[Archive footage; reading a line] Fear is their greatest defense. I doubt if the actual security there is much greater than on Appalyer-Sullust and what there is is most likely directed towards a large scale assault.
[the present] And I read that line and I thought, "Who talks like that?"
Just one day into filming, the Sahara was pelted with it's first major rainfall in 50 years.
We were going out there to shoot. I came out in the morning and the rain was going horizontally down the street this way. I thought, "My God!" I just called a rest day on the crew and told them to go back to bed because there was no way we were going to shoot on that.
[as Chewbacca] That old man's mad.
You said it, Chewie. Boy, where'd you dig up that old fossil?
I think George likes people, I think George is a warm-hearted person, but... He's a little impatient with the process of acting, of finding something. He thinks that something's there. "It's right there, I wrote it down. Do that". You know. Sometimes you can't just *do that* and make it work.
I had one outfit for the first movie and as George taught me, there is no underwear in space. Instead of that, there's gaffer tape. So I was taped down. And I used to say we should just make up a contest on the call sheet to see who's going to rip it off. But we didn't do that.
Timing is everything in art. You bring out Star Wars too early and it's Buck Rogers. You bring it out too late and it doesn't fit our imaginations. You bring it out just as the war in Vietnam is ending and America feels uncertain of itself, and the old stories have died, and you bring it out at that time and suddenly, it's a new game. Plus it's alot of fun. It's a lot of fun to watch Star Wars.
George was enormously farsighted. The studio wasn't. They didn't know that the world was changing. George did know the world was changing. I mean, he changed it.
You're not really famous until you're a Pez dispenser.
[on the success of Star Wars] I was like this -
[rubs his palms together]
Great. Terrific. Now I can go to work. I have an opportunity to take advantage of the success of this film and go to work.
[about Stuart Freeborn]
He was under the gun and it was very tense. Very tense. He had to get this thing done. We've got to start shooting with Yoda. And so while we were talking to him, I just had Yoda's head and I was just playing with it then I dropped it and it cracked. Then Stuart said, "I need a drink". So it was terrible, because here we're pressing so much and I'm the one that screwed it up.
[about Yoda] That was like a real leap. Because if that puppet had not worked, the whole film would have been down the tubes. It would've been a disaster. A silly little Muppet... It would've been Kermit running around in that movie. The whole movie would've collapsed under the weight of it.

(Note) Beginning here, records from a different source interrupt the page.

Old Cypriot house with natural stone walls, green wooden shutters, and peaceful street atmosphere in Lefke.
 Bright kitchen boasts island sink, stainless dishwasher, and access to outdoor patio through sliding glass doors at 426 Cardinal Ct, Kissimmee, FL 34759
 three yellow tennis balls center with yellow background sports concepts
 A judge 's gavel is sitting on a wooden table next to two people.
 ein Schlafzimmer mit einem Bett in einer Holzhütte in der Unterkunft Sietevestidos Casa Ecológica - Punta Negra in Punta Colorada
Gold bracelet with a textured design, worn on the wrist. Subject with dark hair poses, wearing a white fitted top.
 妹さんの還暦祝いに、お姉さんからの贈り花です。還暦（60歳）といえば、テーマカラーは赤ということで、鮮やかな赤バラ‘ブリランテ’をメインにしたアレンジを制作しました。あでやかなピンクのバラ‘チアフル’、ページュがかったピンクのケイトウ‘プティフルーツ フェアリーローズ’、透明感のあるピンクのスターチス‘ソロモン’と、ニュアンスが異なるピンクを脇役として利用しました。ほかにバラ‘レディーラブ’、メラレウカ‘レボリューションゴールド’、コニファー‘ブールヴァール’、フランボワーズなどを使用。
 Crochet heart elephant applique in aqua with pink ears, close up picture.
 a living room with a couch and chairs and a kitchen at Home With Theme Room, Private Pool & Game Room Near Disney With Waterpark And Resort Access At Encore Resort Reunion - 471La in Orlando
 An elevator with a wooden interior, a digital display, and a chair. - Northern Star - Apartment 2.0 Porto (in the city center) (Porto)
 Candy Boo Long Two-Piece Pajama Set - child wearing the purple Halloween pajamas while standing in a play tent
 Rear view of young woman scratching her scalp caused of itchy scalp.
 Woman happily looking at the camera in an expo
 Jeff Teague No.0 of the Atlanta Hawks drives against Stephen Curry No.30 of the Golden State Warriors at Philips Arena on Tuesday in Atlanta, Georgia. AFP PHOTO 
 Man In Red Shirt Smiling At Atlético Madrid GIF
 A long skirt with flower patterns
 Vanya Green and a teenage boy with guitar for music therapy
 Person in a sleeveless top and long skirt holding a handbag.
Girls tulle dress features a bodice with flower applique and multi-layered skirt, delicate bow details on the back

I was there for a while and then I thought, well nearly time to go. And then, kind of over George's shoulder, I saw a painting. And the most extraordinary thing happened. It just struck me because I kind of looked at this face, and the face looked back at me. We had the most extraordinary eye contact you know, he's looking right out of the picture. And he seemed to be saying, "Come. Come. Be with me", and the vulnerability in his face made me want to help him. Isn't that weird? He just looks utterly vulnerable. That painting completely changed my attitude to the whole project. Years later, I was able to go to Ralph McQuarrie and say, "You realize this is all your fault?".
It's what the idea was of the character relationships. Mark was the callow youth and I was the smart ass and we each had a clear section of turf to explore.
There's a princess with weird buns in her hair, a giant in a monkey suit or something, it was weird. It was very, very weird.
That to him was really inappropriate humor at the time, because I'm sure he's in the zone and he's seeing what he wants to do, and we're just, like, actors trying to stave off boredom because, you know, we've been in the trash compactor all morning.
[about the scene of Luke and Leia swinging across the chasm via rope] That was really early on in the shoot when I was still worried about my weight, and I thought that we were going to miss and I'd hit the wall and they would say, "Nah, still too tubby. Let's bring in Jodie Foster".
The things that stick in my mind and make me laugh were, like, memos worried about whether or not the Wookie should have pants. They're looking at this thing and saying, "Couldn't he have some lederhosen?" This is great. Of all the things to worry about, the Wookie has no pants.
[as Darth Vader] Start tearing this ship apart piece by piece until you've found those tapes. Find the passengers in this vessel. I want them alive!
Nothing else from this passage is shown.